_RECORDS PROVIDED_
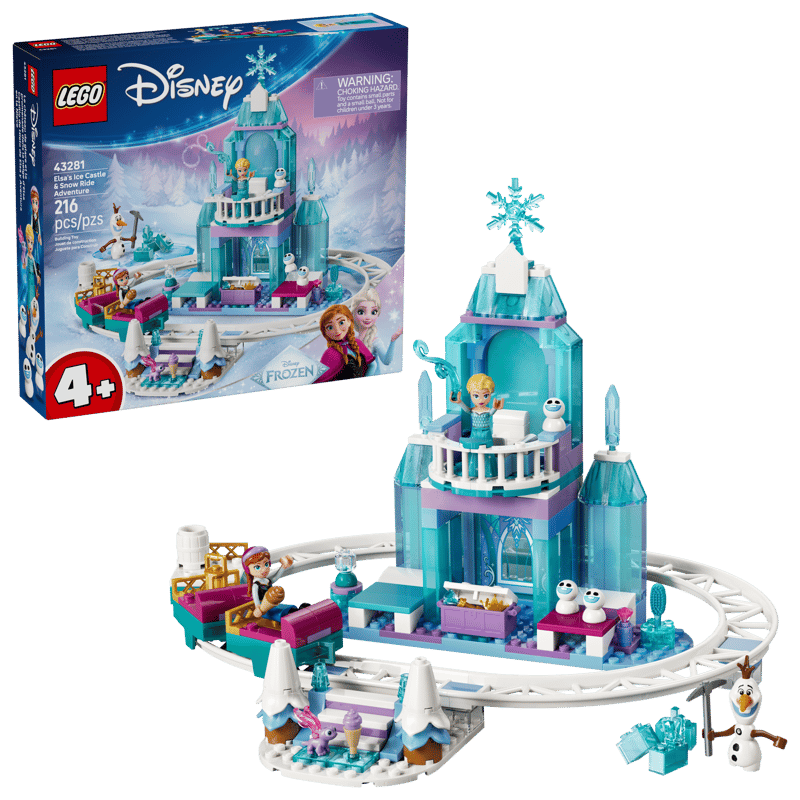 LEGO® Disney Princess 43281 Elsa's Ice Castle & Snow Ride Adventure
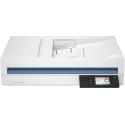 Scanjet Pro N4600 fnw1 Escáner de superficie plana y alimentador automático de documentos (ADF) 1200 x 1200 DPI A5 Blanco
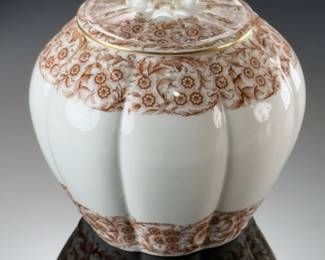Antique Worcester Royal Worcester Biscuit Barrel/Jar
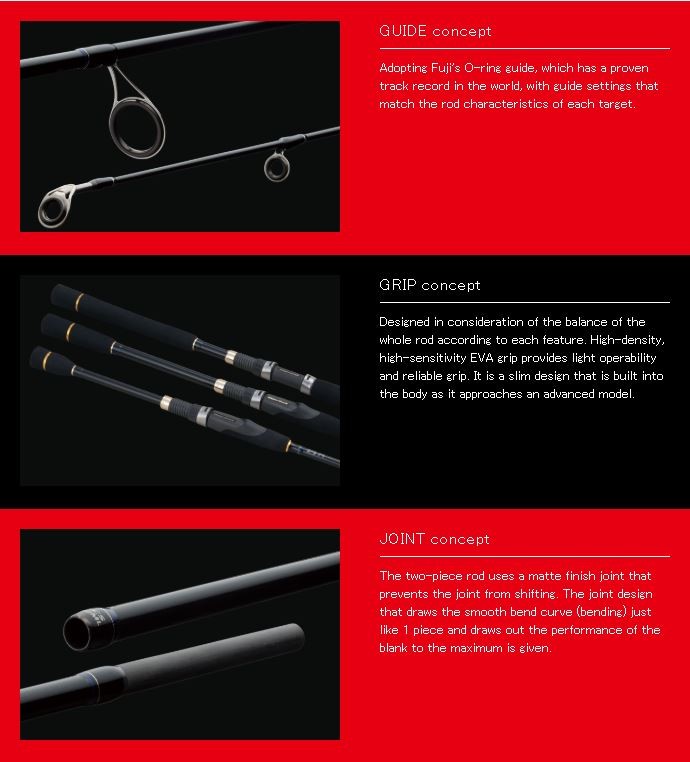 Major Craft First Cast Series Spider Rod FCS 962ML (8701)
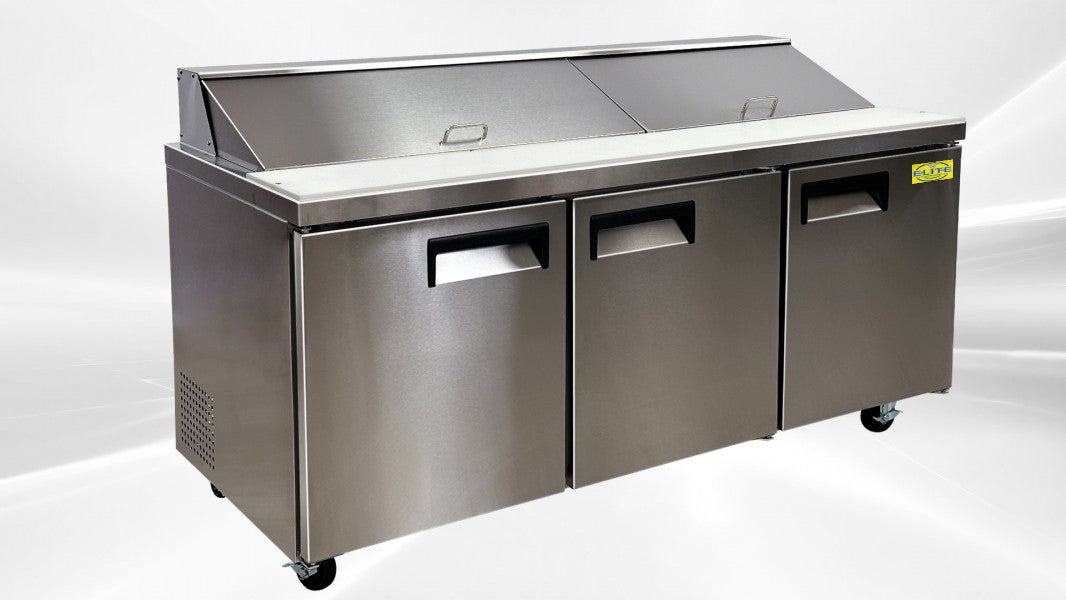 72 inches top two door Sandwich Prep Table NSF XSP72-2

_WHAT NEEDS TO BE DONE_
Set the entries down again exactly. Do not include the images.

_SOLUTION_
 LEGO® Disney Princess 43281 Elsa's Ice Castle & Snow Ride Adventure
 Scanjet Pro N4600 fnw1 Escáner de superficie plana y alimentador automático de documentos (ADF) 1200 x 1200 DPI A5 Blanco
Antique Worcester Royal Worcester Biscuit Barrel/Jar
 Major Craft First Cast Series Spider Rod FCS 962ML (8701)
 72 inches top two door Sandwich Prep Table NSF XSP72-2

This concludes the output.